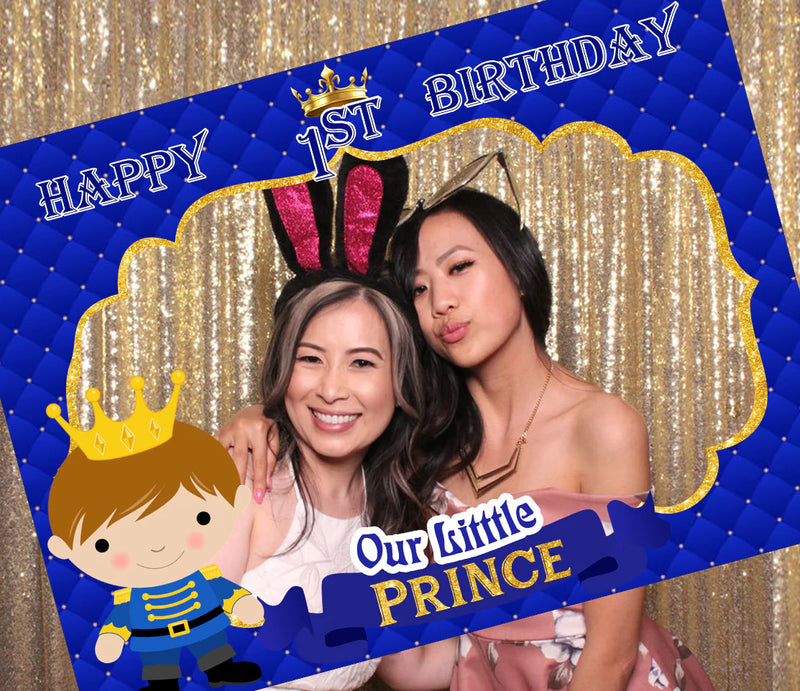 Prince Birthday Party Selfie Photo Booth Frame & Props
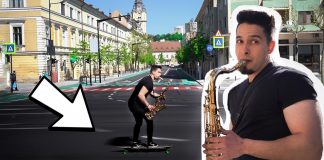 Cu skateboard-ul și saxofonul pe străzile din Cluj-Napoca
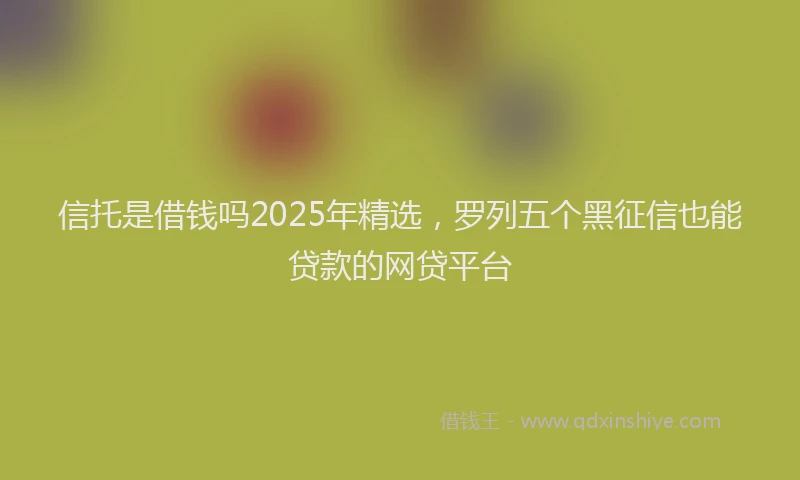 信托是借钱吗2025年精选，罗列五个黑征信也能贷款的网贷平台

ASSIGNMENT -
Copy the material verbatim. The pictures are not part of the copy.

ANSWER BOX -
 Prince Birthday Party Selfie Photo Booth Frame & Props
 Cu skateboard-ul și saxofonul pe străzile din Cluj-Napoca
 信托是借钱吗2025年精选，罗列五个黑征信也能贷款的网贷平台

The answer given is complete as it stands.